_TRY IT_: A faithful copy is needed of the lines below from the one with "156 Randy Ct - Photo 3 of 14" up to and including the one with "Ketua Pansus Kawasan"; set it down with no pictures and no other lines.

_SUPPLIED ENTRIES_:
^^^^^^^^^^^^^^^^

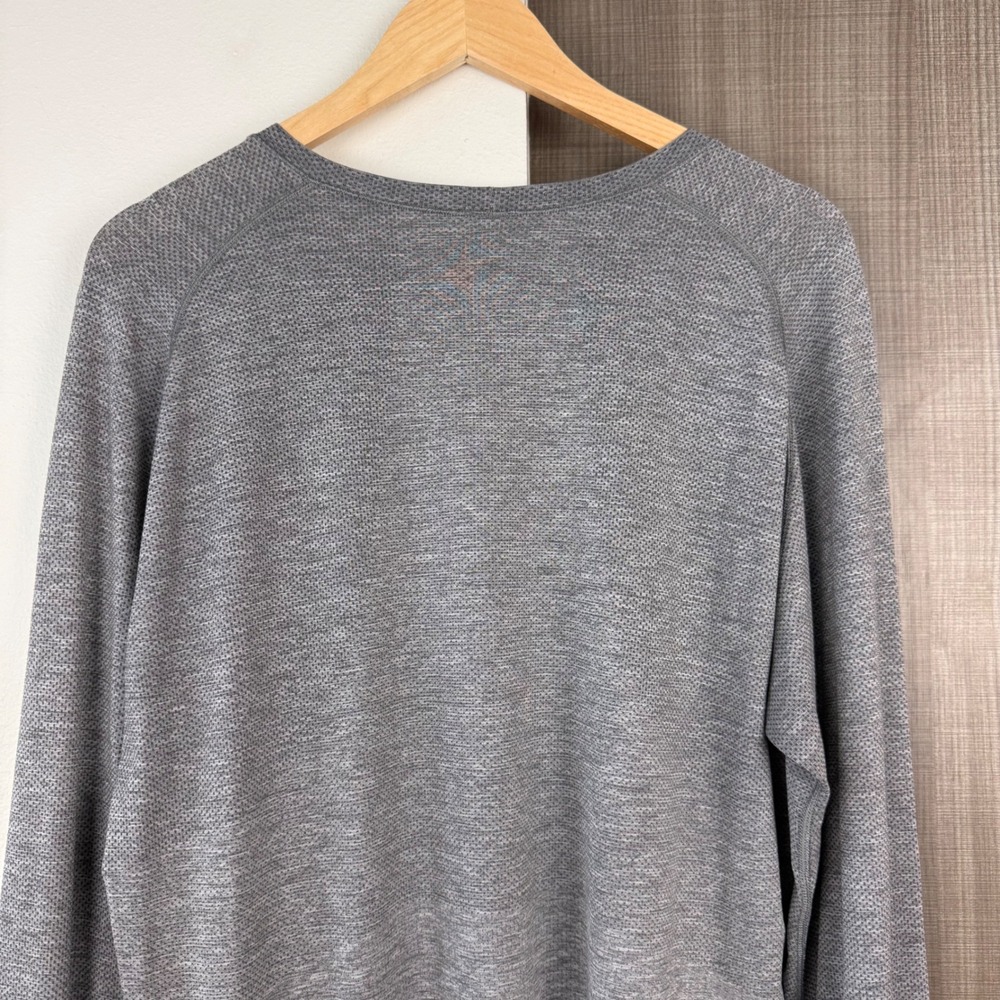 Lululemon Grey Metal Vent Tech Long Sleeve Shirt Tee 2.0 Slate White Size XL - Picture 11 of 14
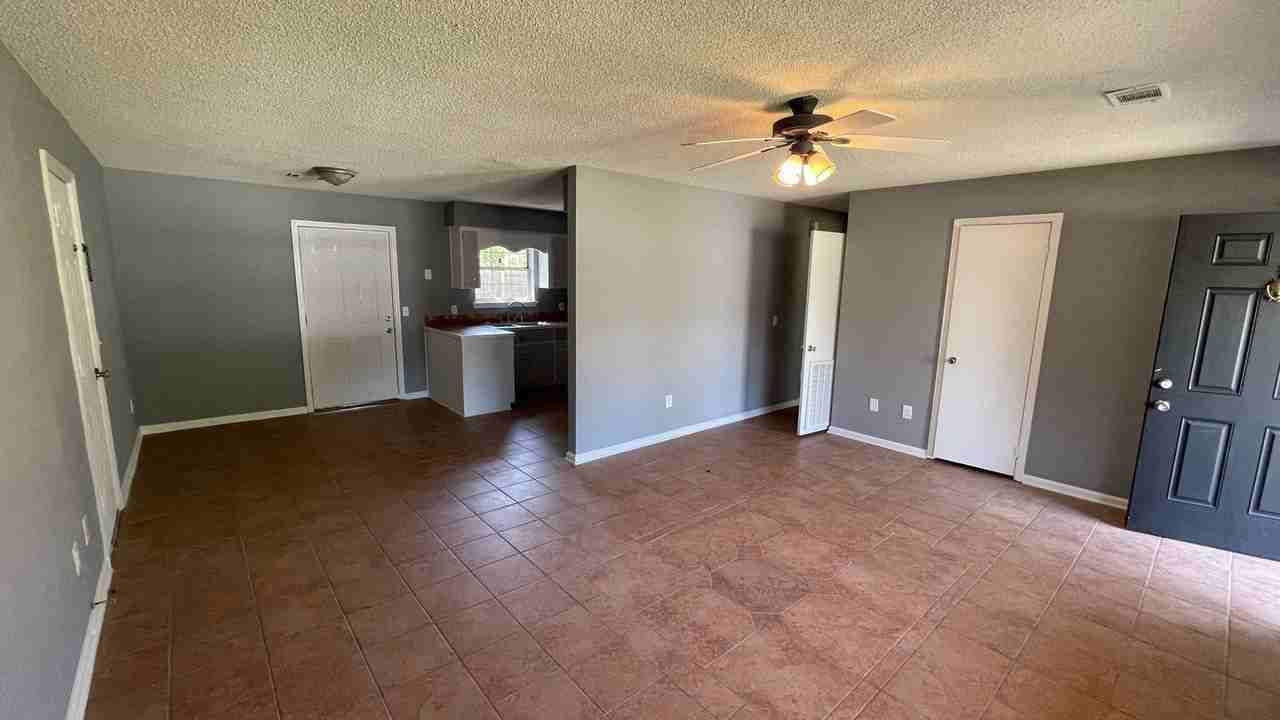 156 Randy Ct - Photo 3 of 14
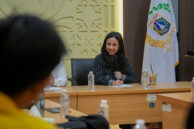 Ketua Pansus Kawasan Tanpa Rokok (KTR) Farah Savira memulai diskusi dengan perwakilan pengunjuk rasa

^^^^^^^^^^^^^^^^

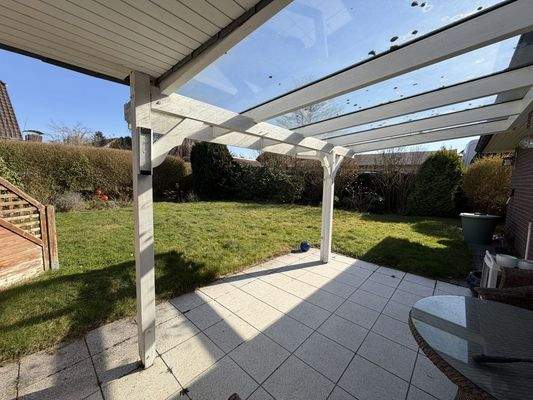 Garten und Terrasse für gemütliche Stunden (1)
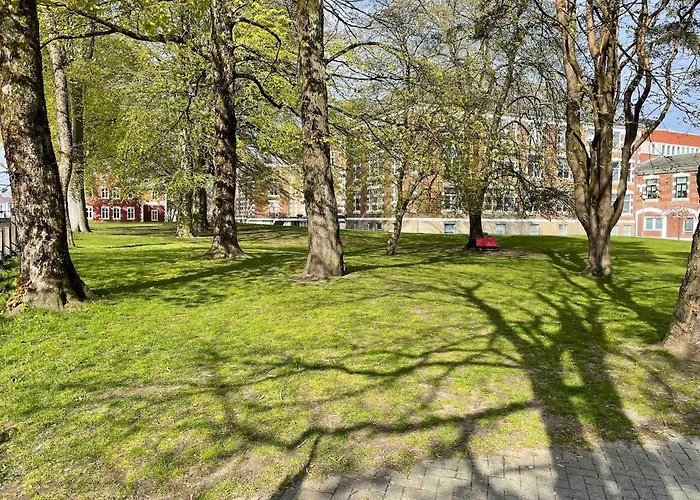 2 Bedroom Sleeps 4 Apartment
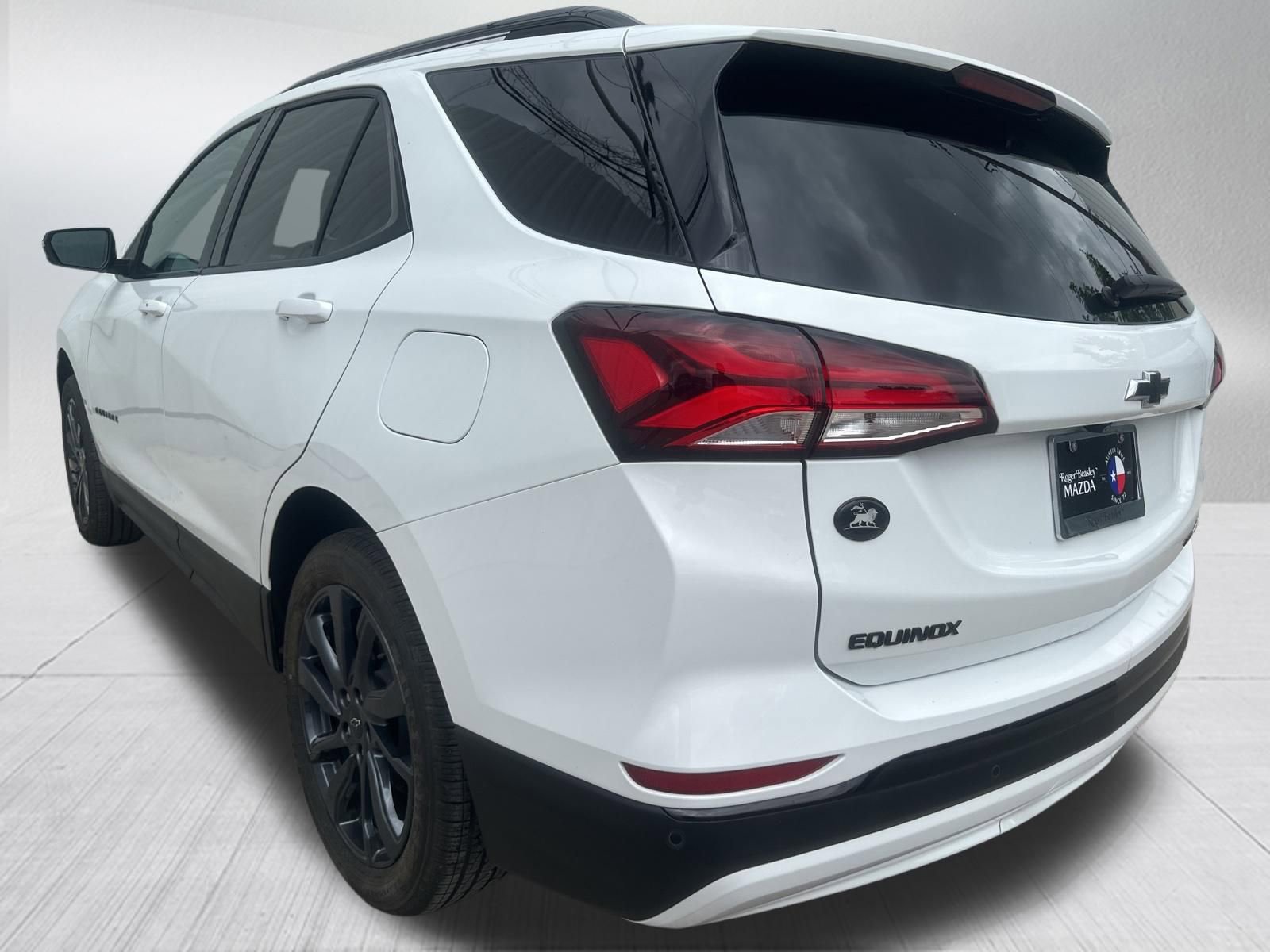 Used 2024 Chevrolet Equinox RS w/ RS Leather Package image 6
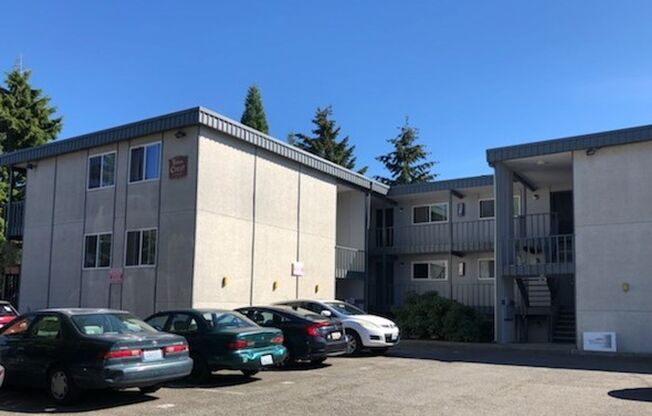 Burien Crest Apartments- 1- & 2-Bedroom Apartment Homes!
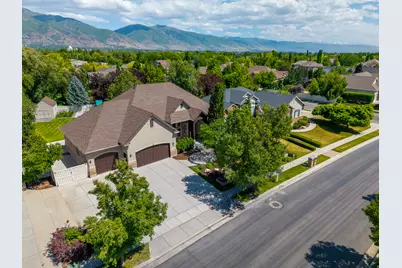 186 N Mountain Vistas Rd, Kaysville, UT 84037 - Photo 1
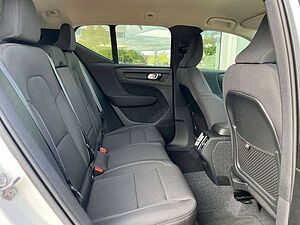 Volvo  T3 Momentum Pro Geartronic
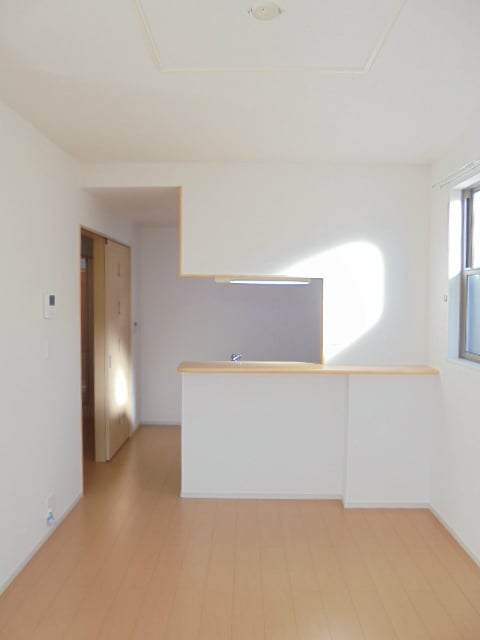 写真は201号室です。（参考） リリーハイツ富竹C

^^^^^^^^^^^^^^^^

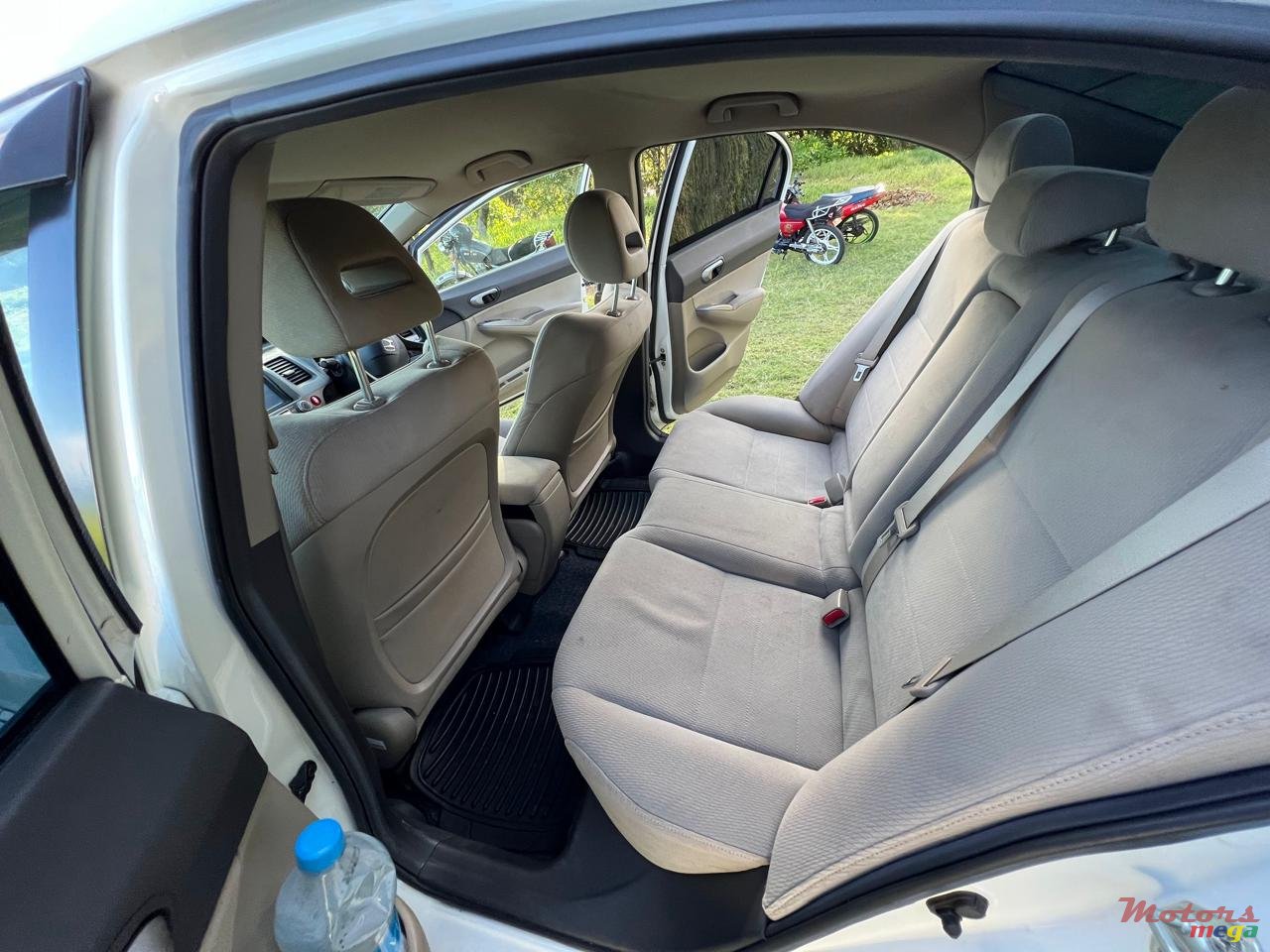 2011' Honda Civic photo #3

^^^^^^^^^^^^^^^^

_ANSWER BELOW_:
 156 Randy Ct - Photo 3 of 14
 Ketua Pansus Kawasan Tanpa Rokok (KTR) Farah Savira memulai diskusi dengan perwakilan pengunjuk rasa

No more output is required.